Besides “Destino,” Disney also produced three other short films over the past decade that would have made splendid additions to this set.  Of those three, “The Little Matchgirl” is the biggest loss.  This very moving short takes the Hans Christian Andersen story and moves it to Russia, and uses the Nocturne from Alexander Borodin’s String Quartet No. 2 as musical accompaniment.  It would have been a natural to include on this set.  However, you can find it on YouTube and iTunes.
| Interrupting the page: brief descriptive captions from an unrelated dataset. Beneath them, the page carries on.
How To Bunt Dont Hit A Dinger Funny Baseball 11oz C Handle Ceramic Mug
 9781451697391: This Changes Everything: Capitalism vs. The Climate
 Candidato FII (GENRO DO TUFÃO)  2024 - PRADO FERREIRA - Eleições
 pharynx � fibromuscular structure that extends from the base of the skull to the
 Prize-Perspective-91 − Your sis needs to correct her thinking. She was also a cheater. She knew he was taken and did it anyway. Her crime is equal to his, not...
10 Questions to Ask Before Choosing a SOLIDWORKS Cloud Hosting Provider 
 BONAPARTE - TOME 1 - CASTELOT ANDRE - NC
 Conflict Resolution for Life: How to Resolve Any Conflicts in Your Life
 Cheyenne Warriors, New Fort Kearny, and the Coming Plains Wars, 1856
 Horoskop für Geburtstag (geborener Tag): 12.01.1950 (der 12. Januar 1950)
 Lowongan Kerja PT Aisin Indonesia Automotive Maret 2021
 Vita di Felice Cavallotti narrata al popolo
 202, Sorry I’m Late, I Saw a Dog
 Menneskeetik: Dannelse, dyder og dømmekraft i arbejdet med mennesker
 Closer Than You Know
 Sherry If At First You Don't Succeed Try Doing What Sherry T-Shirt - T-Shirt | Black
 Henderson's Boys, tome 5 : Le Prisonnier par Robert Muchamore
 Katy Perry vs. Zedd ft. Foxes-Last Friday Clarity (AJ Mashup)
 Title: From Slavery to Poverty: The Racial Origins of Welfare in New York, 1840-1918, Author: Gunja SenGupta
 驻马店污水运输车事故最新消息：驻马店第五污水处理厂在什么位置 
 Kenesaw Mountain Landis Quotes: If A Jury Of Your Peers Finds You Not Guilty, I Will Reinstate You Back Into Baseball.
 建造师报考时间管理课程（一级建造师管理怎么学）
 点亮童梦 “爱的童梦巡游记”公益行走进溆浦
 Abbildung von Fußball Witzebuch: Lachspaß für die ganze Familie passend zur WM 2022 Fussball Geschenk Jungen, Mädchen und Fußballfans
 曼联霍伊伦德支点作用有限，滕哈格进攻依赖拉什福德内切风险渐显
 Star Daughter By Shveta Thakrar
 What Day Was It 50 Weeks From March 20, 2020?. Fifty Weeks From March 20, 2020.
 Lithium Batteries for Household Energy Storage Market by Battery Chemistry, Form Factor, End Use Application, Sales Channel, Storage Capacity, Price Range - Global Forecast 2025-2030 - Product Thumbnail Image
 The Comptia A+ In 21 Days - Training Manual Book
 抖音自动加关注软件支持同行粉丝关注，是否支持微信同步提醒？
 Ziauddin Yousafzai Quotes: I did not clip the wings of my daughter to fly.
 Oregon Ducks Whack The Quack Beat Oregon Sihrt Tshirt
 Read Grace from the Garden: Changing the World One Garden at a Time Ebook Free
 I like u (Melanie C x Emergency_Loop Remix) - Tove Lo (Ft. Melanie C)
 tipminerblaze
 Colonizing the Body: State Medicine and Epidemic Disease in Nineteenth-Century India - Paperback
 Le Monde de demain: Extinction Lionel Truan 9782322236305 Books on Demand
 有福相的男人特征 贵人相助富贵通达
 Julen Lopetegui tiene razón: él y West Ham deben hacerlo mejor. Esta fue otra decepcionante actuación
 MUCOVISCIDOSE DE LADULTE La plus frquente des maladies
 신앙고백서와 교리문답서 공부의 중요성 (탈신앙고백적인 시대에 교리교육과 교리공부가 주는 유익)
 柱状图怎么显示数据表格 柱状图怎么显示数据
Finally, fans of “Fantasia” may already be like me, and have the “Fantasia” Anthology box set on their library shelves, ready to make an upgrade to Blu-ray.  The “Fantasia Anthology” came with a bonus disc that was chock full of background information about both “Fantasia” and “Fantasia 2000,” including test footage, art galleries, trailers, storyboard sequences, deleted scenes, and interviews with animators, not to mention comprehensive “making-of” documentaries about each film.  But instead of including these features on the 50 GB Blu-ray discs, Disney has relegated the legacy content to an Internet-only feature, accessible only with your Blu-ray player.  Not only does that lead to slow load times for the content, but the presentation of the material is framed by a ridiculous pop-up window on your TV screen.  For easy access to that content, I’m afraid I have to recommend holding on to your old DVD box set.  *Sigh*, another spot on my shelf that must remain occupied.

In closing, for Blu-ray owners, this set is a must.  Splendid looking presentations of both films make the choice to upgrade an easy one.  But for those that have not yet made the upgrade to Blu-ray, I’d think twice about buying the DVD-only edition of “Fantasia” and “Fantasia 2000.”  Or, maybe think about asking Santa for a Blu-ray player.